How do humans integrate different views of one scene into one coherent mental representation? As long as proprioceptive and/or visual inputs are continuous, this seems to work effortlessly (Meyerhoff, Huff, Papenmeier, Jahn, & Schwan, 2011; Simons & Wang, 1998). In contrast, several lines of experimental research have shown that the integration of discontinuous views of a given scene, presented in succession, requires computationally demanding spatial-alignment processes. For example, the model of Mou and colleagues (e.g., Mou, Fan, McNamara, & Owen, 2008; Mou, McNamara, Valiquette, & Rump, 2004) assumes that when viewers are presented with a given scene for the first time, they establish an intrinsic reference vector that refers to a prominent scene structure (e.g., the spatial orientation of a wall). If viewers are presented with a new viewpoint of that scene at a later time, they will try to identify the internal reference vector and, on the basis of this common reference, align the current perspective with the former one. Accordingly, in experiments in which researchers have examined spatial memory, visual recognition performance typically decreases with increasing angular distance between the learning and testing viewpoints (Diwadkar & McNamara, 1997; Garsoffky, Schwan, & Hesse, 2002; Garsoffky, Schwan, & Huff, 2009; Simons & Wang, 1998). Furthermore, viewers tend to align a given view with the closest possible view (in terms of angular distance) stored in memory (Diwadkar & McNamara, 1997; see also Shepard & Metzler, 1971). Aligning views is particularly difficult in dynamic scenes (Garsoffky, Huff, & Schwan, 2007), where even minor angular deviations of 20° may lead to severe difficulties (Huff, Jahn, & Schwan, 2009). One explanation for these difficulties may be that the ongoing visual dynamics of the scene interfere with the time course of the mental alignment processes.

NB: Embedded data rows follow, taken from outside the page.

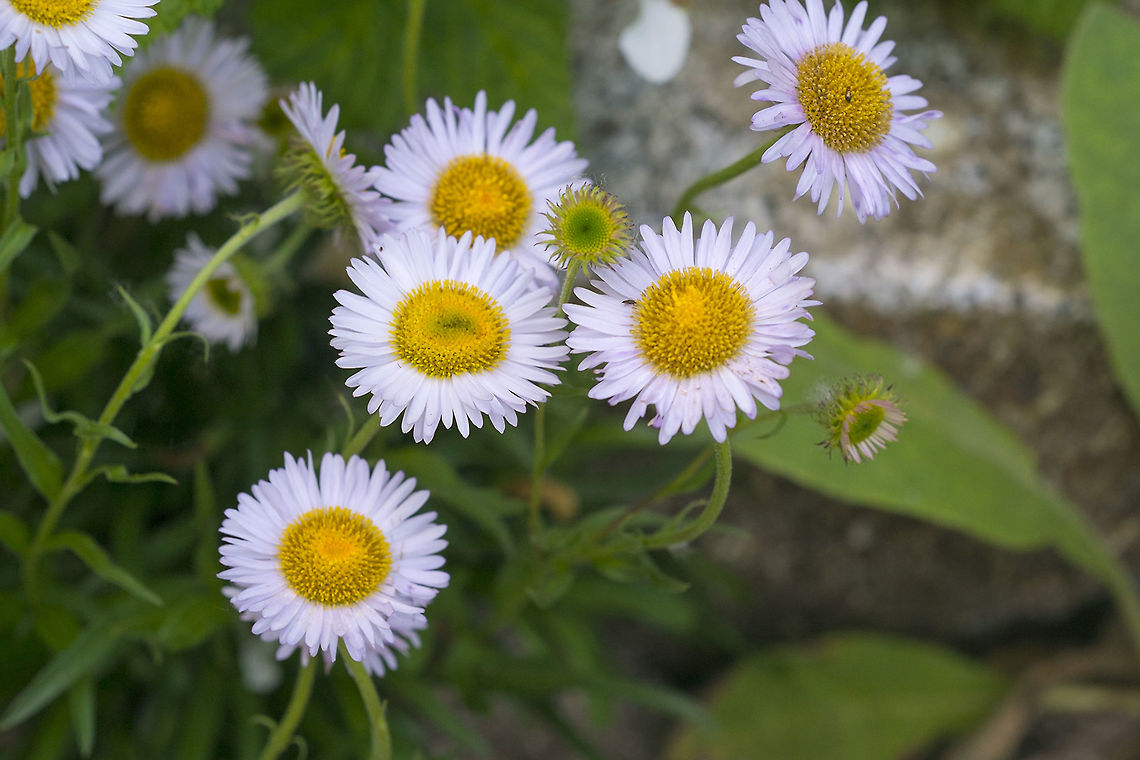 Wandering Daisy  Erigeron peregrinus,Geotagged,Spring,United States
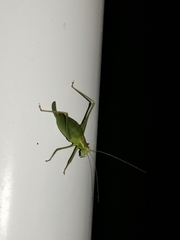 Leptophyes punctatissima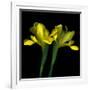 Yellow Iris-Magda Indigo-Framed Photographic Print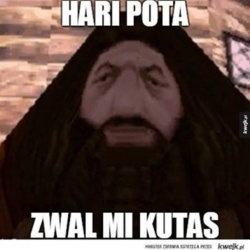 14415b1c-5985-464e-b86c-5839dc986c0e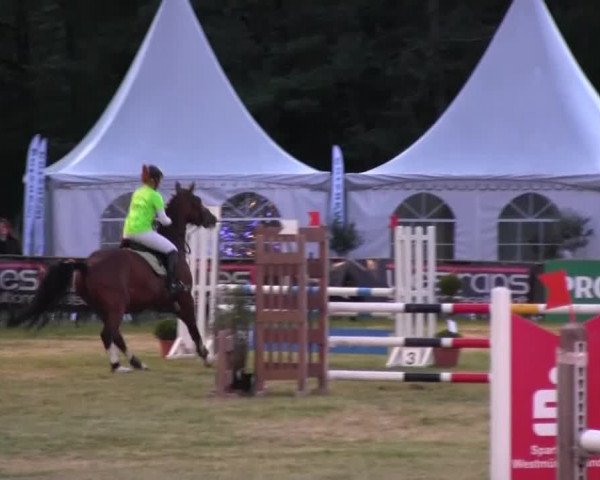 Reitturnier Borken 2016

On the other hand, people in industrial countries such as Germany spend almost 4 h per day watching TV (AGF/GfK Fernsehforschung, 2011) and are thus regularly confronted with the task of aligning successive views (or shots, respectively). While viewers who are unfamiliar with films do face severe problems with integrating different views of the same scene (Schwan & Ildirar, 2010; R. Smith, Anderson, & Fischer, 1985), regular viewers are able to integrate different views with apparent ease, and often do not even notice that a change of view has taken place (T. J. Smith & Henderson, 2008). Thus, although films and TV mainly provide discontinuous visual input—a typical shot in a Hollywood movie lasts between 2.7 and 5.4 s (Bordwell & Thomson, 2001)—spatial integration of successive shots seems to works effortlessly. Typically, filmmakers argue that certain editing conventions facilitate this process (Arijon, 1978). In particular, the so-called centerline rule (or 180° rule) requires that the camera positions of successive views should be kept on one side of the main axis (centerline) of the portrayed events. In this case, corresponding objects or persons stay on the same side of the screen across shots, and also the direction of moving objects is kept constant. In contrast, if the rule is violated, corresponding objects switch screen positions from left to right—or vice versa—across shots, and the directions of movement are reversed (see Fig. 1).

Fig. 1
figure 1

Schematic illustration of the centerline rule. If two cameras are on the same side of the centerline (cameras a and b), the left–right orientation of the car and the movement direction are preserved. If the cameras are on different sides of the centerline (cameras a and d), the left–right orientations and movement directions change

In two experiments, we present first evidence that the intuition of filmmakers that adhering to the centerline rule facilitates spatial processing has some validity. In particular, we show that, as long as a film conforms to the centerline rule, viewers cut short the process of aligning two successive views by applying simple spatial heuristics: Namely, across two shots with different viewpoints, objects on the same side of the screen correspond to each other in the depicted scene, and across two shots, objects moving in the same screen direction also move in the same direction in the depicted scene.

Experiment 1

We asked participants to judge whether two cars of different colors driving on a road in two successive shots moved in the same or in opposite directions. Due to the lack of environmental background information (e.g., trees alongside the road), and in contrast to previous studies on spatial updating (Simons & Wang, 1998) and on the centerline rule (Germeys & d’Ydewalle, 2007), every combination of the two successive views was ambiguous with regard to their spatial relations. Hence, for each pair of successive views, both answers (“the cars are moving in the same direction” vs. “the cars are moving in opposite directions”) were equally valid. However, depending on the strategy of the viewers, we expected varying judgment patterns. In the case of spatial alignment, as specified in models of spatial updating, viewers should align the two views along their shortest path (Diwadkar & McNamara, 1997), regardless of whether this implies crossing the centerline (Table 1). In contrast, in the case of applying the spatial heuristic, viewers should base their judgments on screen direction, thereby implicitly aligning the two views in such a manner that crossing the centerline is avoided, regardless of the amount of angular difference between the views (Table 1). More specifically, when the two cars share a screen direction (to the left or to the right), viewers should answer “same direction.” When the two cars do not share a screen direction, the viewers should answer “opposite directions.” Furthermore, in the case of heuristic processing, reaction times should be independent of the actual viewpoint deviation between the shots. For half of the pairs of views, alignment and the centerline heuristic made similar predictions, while for the other, critical trials, they made opposite predictions (Table 1).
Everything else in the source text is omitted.